Plaintiff entered the state court claiming $47,202.51 to be due it on a contract theretofore executed between it and the defendant for the erection of a refinery. It is a Kansas corporation; the defendant is an Illinois corporation. The defendant seasonably removed.
The plaintiff sought service and jurisdiction over the defendant by securing a writ of attachment which it caused to be levied upon a number of pieces of personal property in Dallas.
In contending that its claim was unliquidated, it sought and secured from the district judge, an order fixing the attachment bond at $6,000. Later, the defendant replevied, and now seeks to quash the attachment on the ground that the plaintiff’s claim was liquidated, and being liquidated, the Texas attachment statute, Vernon’s 1936 Civ.St. art. 281, required the bond to be double the amount of the claim.
The plaintiff does not concede this position, but does contend that the defendant having replevied, has waived its right to quash.
*1001The contest centers around the construction of Texas statutes. This court must, therefore, follow the path of the highest courts of that state in passing upon the issue. Erie R. Co. v. Tompkins, 304 U.S. 64, 58 S.Ct. 817, 82 L.Ed. 1188, 114 A.L.R. 1487.
The exact amount claimed by the plaintiff is figured on the words of the contract attached to its petition. The amount claimed is made up of two items. The first is $20,592.31, being the exact difference between the value of materials furnished and the amount paid it by the defendant. The second amount is figured upon the contract agreement of 15% on the total engineering work performed, to-wit, $177,401.34, which amounts to $26,610.20, and these two items aggregate the amount sued for. There appears to be no question that the cause of action is liquidated rather than unliquidated. Sweatt et al. v. Grogan et al., D.C., 25 F.Supp. 585. The liberality in defining “liquidated,” seems to be justified by the harshness of the remedy of attachment.
The plaintiff’s reasoning that the replevin waived the statutory requirement just mentioned is in harmony with the majority of the decisions of other states, but it is not supported by the Texas decisions and they must govern. Hayes v. Davis, Tex.Civ.App., 18 S.W.2d 704; Carney v. Stanley, Tex.Civ.App., 23 S.W.2d 770; Taylor v. Whitehead, Tex.Civ.App., 65 S.W.2d 1110; Burch v. Watts, 37 Tex. 135; Mitchell v. Bloom, 91 Tex. 634, 45 S.W. 558; Kildare Lbr. Co. v. Atlanta, 91 Tex. 95, 41 S.W. 64; American Surety Co. v. Stebbins, Lawrence & Spraggins Co., 107 Tex. 413, 180 S.W. 101, L.R.A.1916F, 583; Hall v.
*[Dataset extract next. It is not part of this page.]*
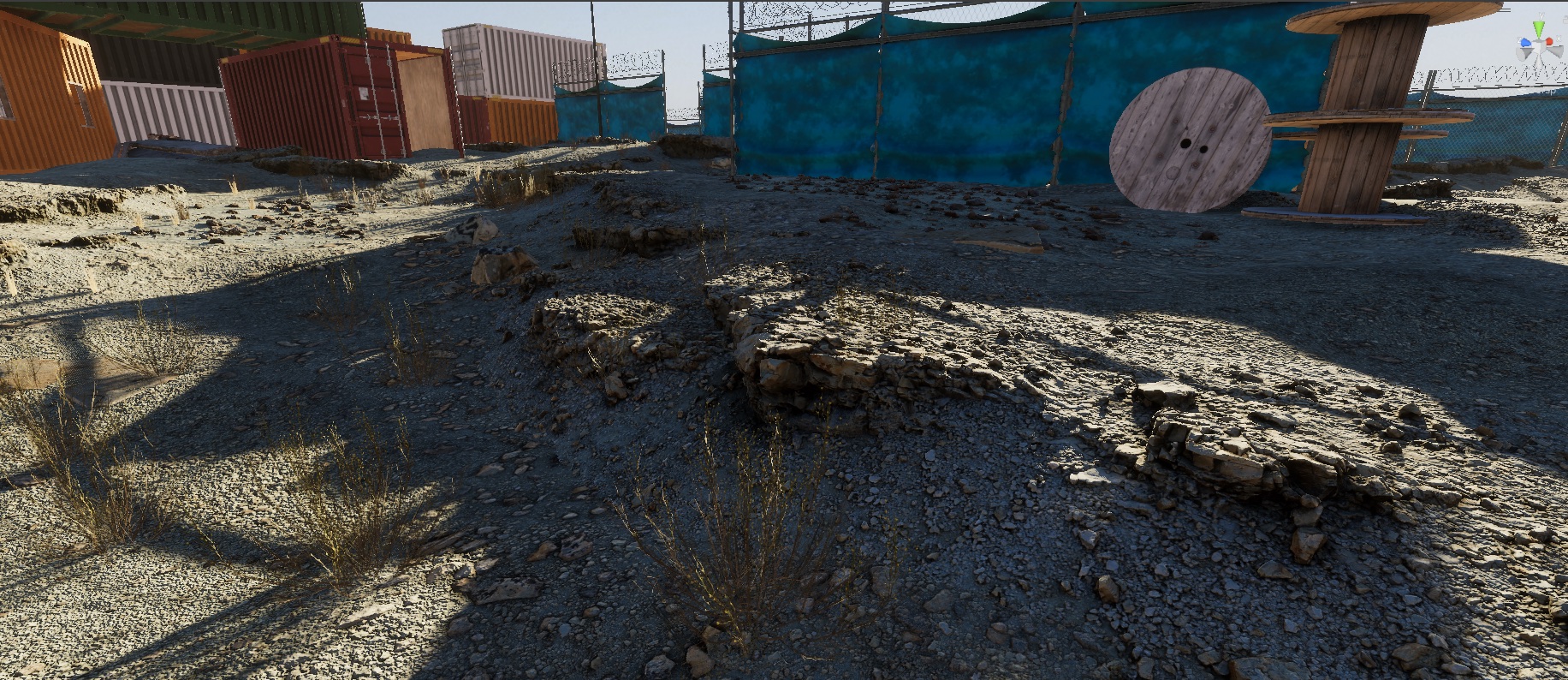 Final real-time environment view focused on modular sandbags and industrial spools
Miller, 21 Tex.Civ.App. 336, 51 S.W. 36; Sullivan & Co. v. King, Tex.Civ.App., 80 S.W. 1048; The Leader, Inc., v. Elder Mfg. Co., Tex.Com.App., 39 S.W.2d 880.
The citation on page 502 of 7 C.J.S., Attachment, § 313, sub-division (b), refers to the weight of authority in states other than Texas and cites Turner v. Martin, Tex.Civ.App., 45 S.W.2d 236, which is a Texas case. The plaintiff also cites Gould v. Baker, 12 Tex.Civ.App. 669, 35 S.W. 708, and Mueller v. Gollober, Tex.Civ.App., 252 S.W. 1076. This case is really for the defendant, though somewhat confused in expression.
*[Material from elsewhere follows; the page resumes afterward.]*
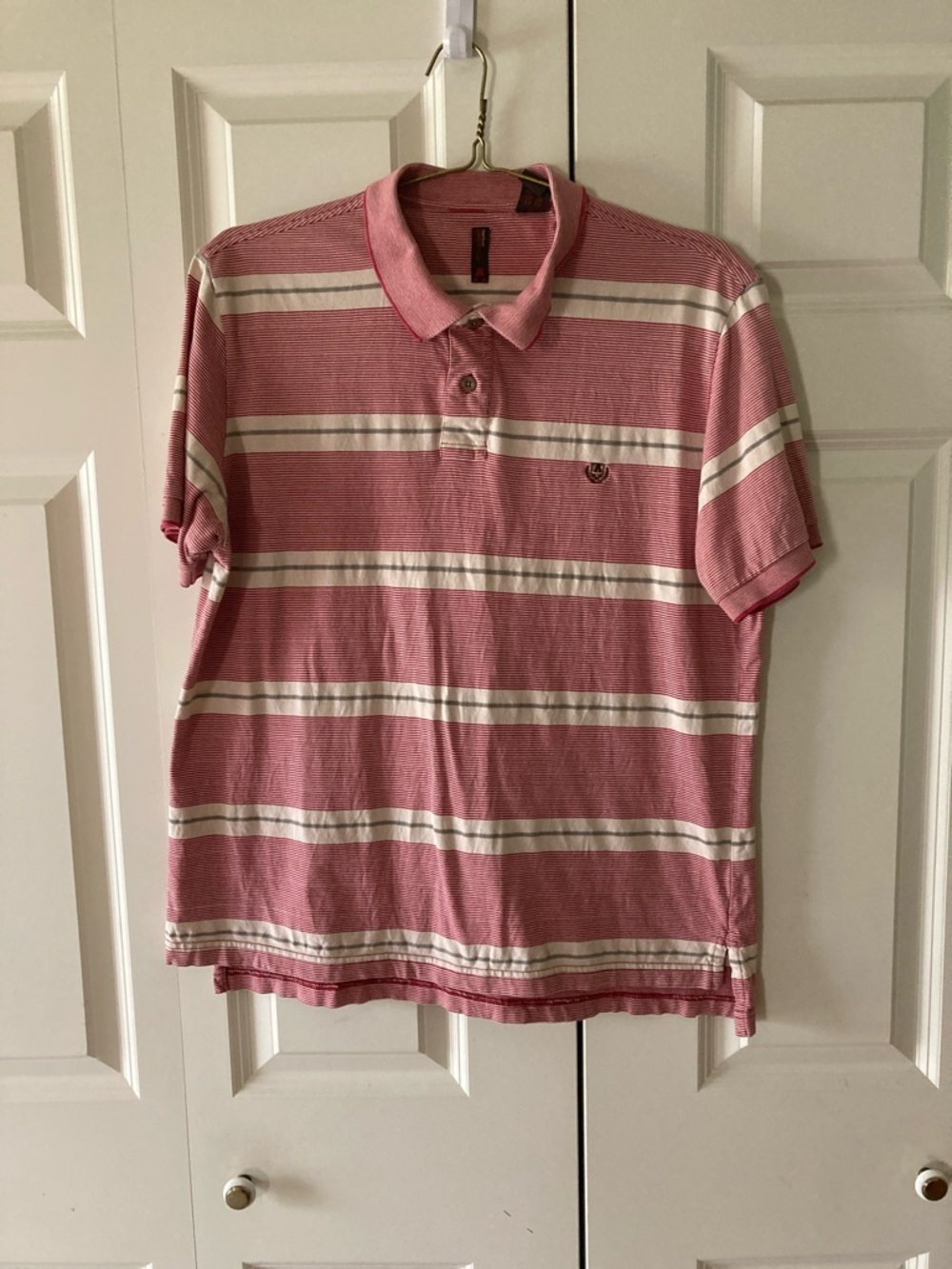 Perry Ellis America men’s L short sleeve polo red white grey striped cotton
The Secundum resume of authorities from other states must give way, in deciding a Texas case, to the Texas rule, Fidelity Union Trust Co. v. Field, 311 U.S. 169, 177, 61 S.Ct. 176, 85 L.Ed. 109; Six Companies v. Joint Highway Dist., 311 U.S. 180, 61 S.Ct. 186, 85 L.Ed. 114; Stoner v. New York Life Ins. Co., 311 U.S. 464, 61 S.Ct. 336, 85 L.Ed. 284. When Judge Gaines spoke in Mitchell v. Bloom, 91 Tex. 634, 45 S.W. 558, it was the voice of the Supreme Court. The two Texas cases cited by the plaintiff are not in line with the Texas rule.
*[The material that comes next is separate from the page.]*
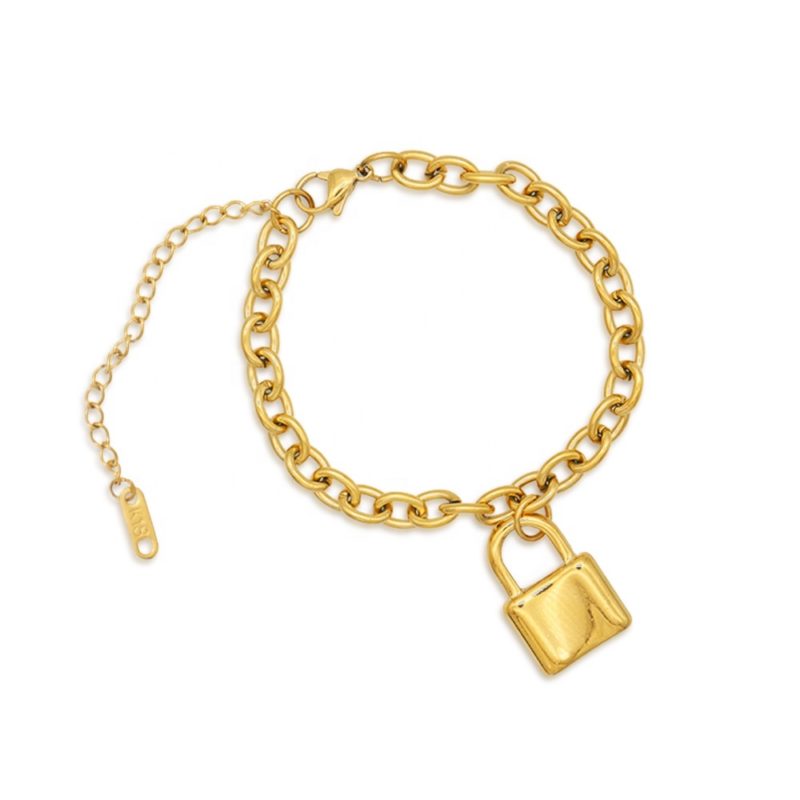 Womens Gold Padlock Bracelet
A rule would be harsh indeed which allowed the summary taking of a defendant’s property upon faulty preliminary steps, and then denied the defendant the right to retake his property, unless, by such retaking, he conceded and waived his right to attack the method pursued by the plaintiff in taking. That which was done wrongly by the plaintiff could hardly be made right by the performance of a statutory right given to the defendant.
The motion to quash must be sustained.